Here are some examples (do 1-3 minute “snacks”):
- Chair sits- Stand up and sit down on a chair.
- Air Squats – Squat up and down, trying to get the full range of motion in each repetition.
- Lunges- Step forward into a lunge, keeping your back leg straight. Step with the other foot forward and continue.
- Push Ups- Try to get full range of motion. If they are too difficult, use a chair, table, desk, or even the wall so that you can get the full range of motion.
- Stair Climbs – Use any staircase to go up and down. Increase speed for more intensity.
- Speed Walk or Jog – Get your heart rate up with this simple movement. A pace of 80 steps per minute is considered slow, while a pace of 100 steps per minute would be brisk.
- Jumping Jacks or Stepping Jacks – This old-school calisthenics movement is a full-body movement that is very effective. If jumping is too difficult, step your leg out instead.
- Arm Circles – Do small circles forward and back, then large circles forward and back.
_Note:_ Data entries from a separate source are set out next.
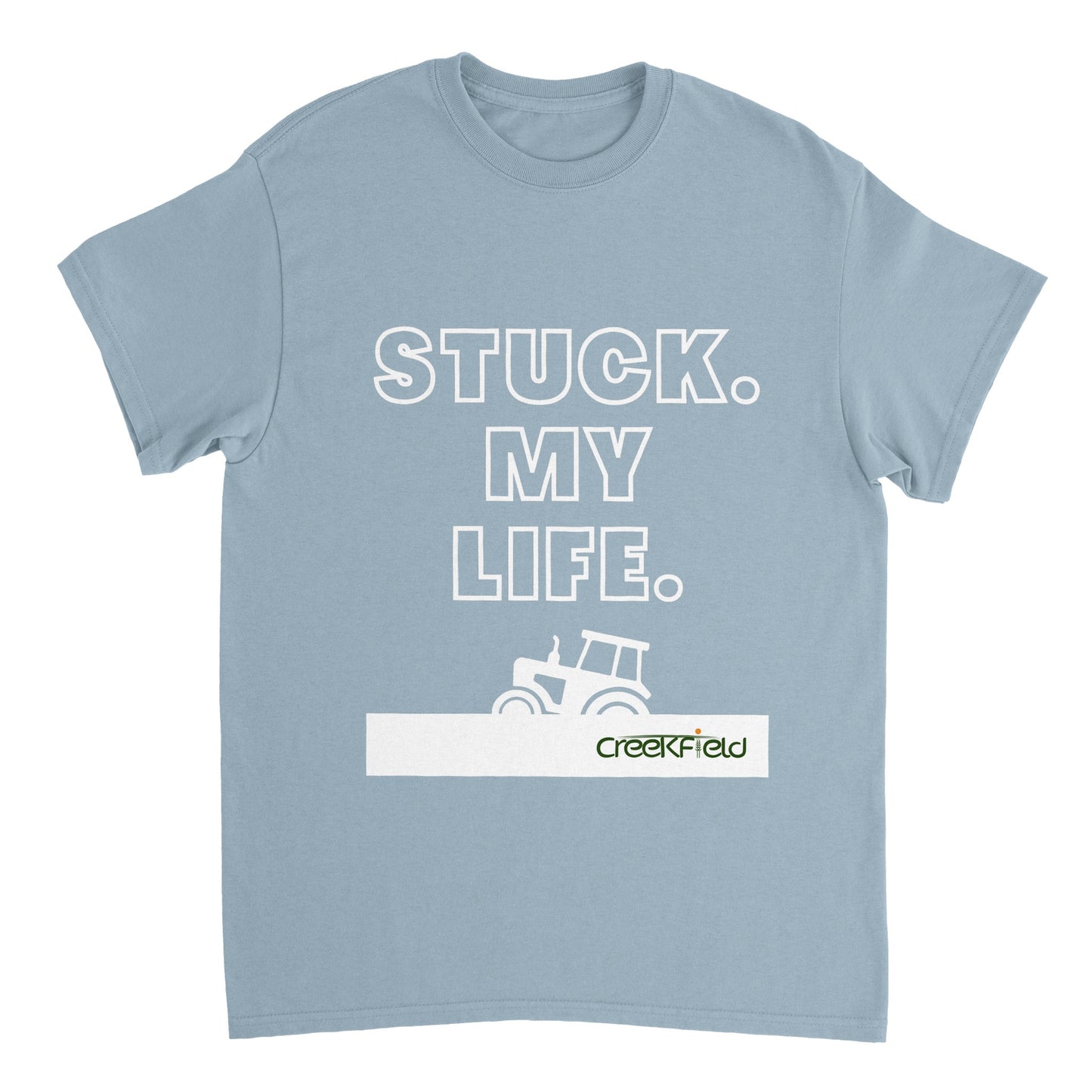 STUCK Heavyweight Unisex Crewneck T-shirt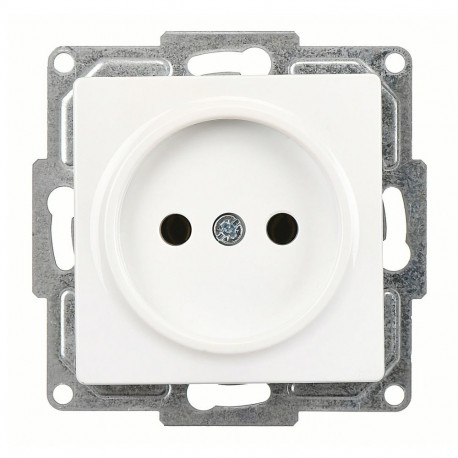 Visage kontaktligzda z/a, 1v., bez saz., balts 01281100-151113, GÜNSAN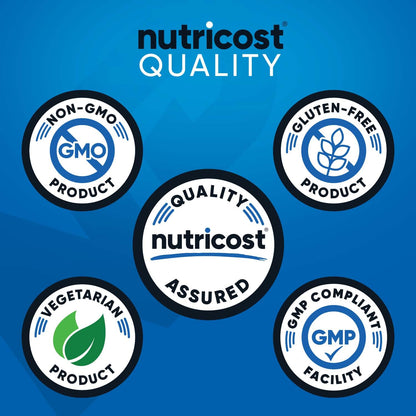 Nutricost Creatine Monohydrate Powder Blue Raspberry - 500 g | 1.1 LBS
- Shoulder Touches – Start in a plank position and touch the opposite shoulder with your hand. Continue to alternate.
- Crunches – Lay on your back with your legs bent at 90 degrees and crunch up with your abdominal muscles. Cross your arms across your chest – do not pull on your head and neck.
- Fast Feet/Foot Fires – Move your feet as if running in place but go fast, as if hot coals are under your feet. Get your arms involved for more intensity.
- Mountain Climbers – Start in plank position and then bring your knee to your chest; continue to switch legs.
- Burpees – These are sure to get your heart pumping and your lungs breathing. Start standing, put your hands to the ground, jump your feet back, do a push-up, jump your feet back to your hands, then stand up.
Other ways you can get extra exercise that doesn’t feel like exercise:
- Park further away and walk to your destination.
- Take the stairs instead of the elevator.
- Do a bout of speed-cleaning (vacuuming, carrying laundry up and down stairs, mopping, etc.).
- Wash your car.
- Mow your lawn.
- Walk your dog.
- Walk instead of sitting in your car at your child’s sports practice.
- Ride a bike.
- Play catch with your kids.
- Get a standing desk.
- Walk or pace while you are on the phone.